Celaya e Irapuato se convirtieron en el punto más peligroso del Bajío para los migrantes. Testimonios recogidos por Amnistía Internacional revelan que en la región hay bandas delictivas que “enganchan” a migrantes mediante el ofrecimiento de falsos albergues para pasar la noche, y que resultan ser lugares donde los extorsionan o los obligan a trabajar para ellos.
Un fenómeno paralelo es el cambio del perfil de los migrantes: cada vez viajan más familias completas, e incluso mujeres solas, o niñas y niños sin acompañantes.
Eso ha modificado las dinámicas de la Casa del Migrante en Irapuato, donde ahora necesitan siempre dotaciones de pañales o alimentos para niños.
“Empezamos a ver hace un par de años que llegaban más mujeres, incluso embarazadas, que tenían la idea equivocada de que si sus hijos nacían en Estados Unidos ellas no serían deportadas”, cuenta Guadalupe González, colaboradora del albergue.

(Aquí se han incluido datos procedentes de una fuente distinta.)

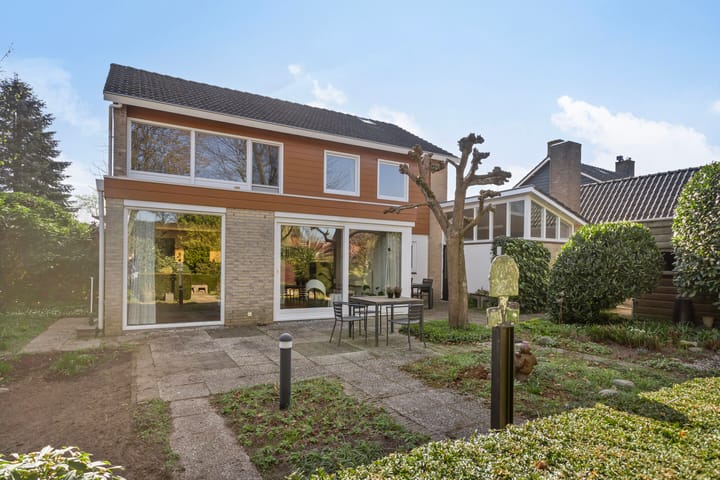 Foto 31 van Willebrordstraat 2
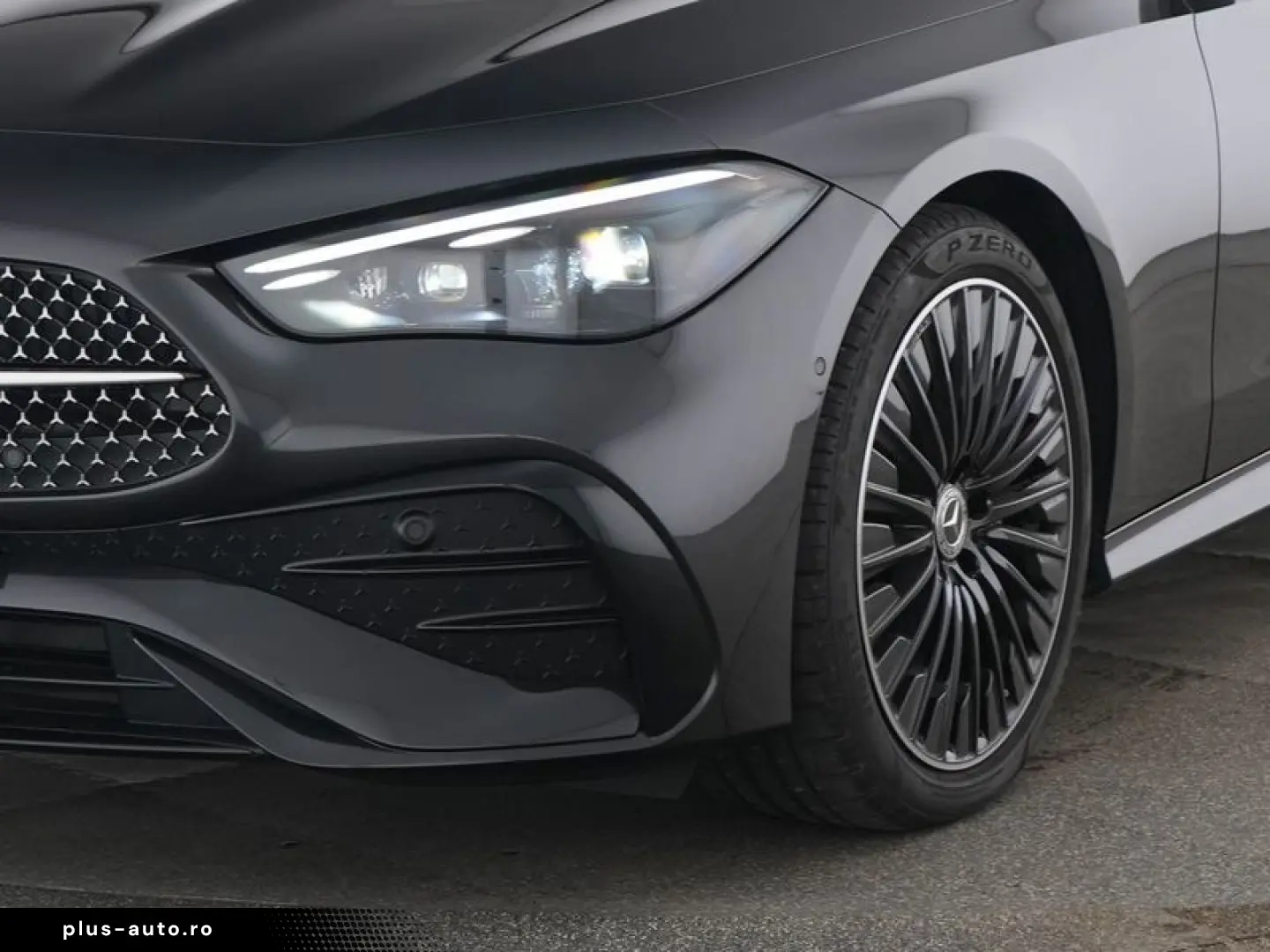 MERCEDES-BENZ CLE 300 4MATIC Coupé AMG PANO NIGHT 360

Entre miles de historias que ha escuchado, González recuerda la de una muchacha que iba con un niño en brazos, lo subió al tren, pero ella ya no pudo subirse y su bebé se fue en el vagón. “Tardamos dos años en poder recuperarlo”, dice.
Bertha, la mujer de la cocina, cuenta que en mayo de 2014 llegaron 150 personas garífunas, un pueblo descendiente de esclavos africanos que habita en la costa atlántica de Honduras.
Muchos eran niños pequeños. El grupo viajaba a Estados Unidos, poco antes que el presidente Barack Obama hablara de la “crisis humanitaria” por los menores migrantes.
En ese albergue conocimos a Wilfredo Alfaro Junes, un electricista salvadoreño a quien la violencia de su país lo expulsó de sus tierras, la criminalidad de México le arrancó un brazo y las leyes estadunidenses le han arrebatado a su familia.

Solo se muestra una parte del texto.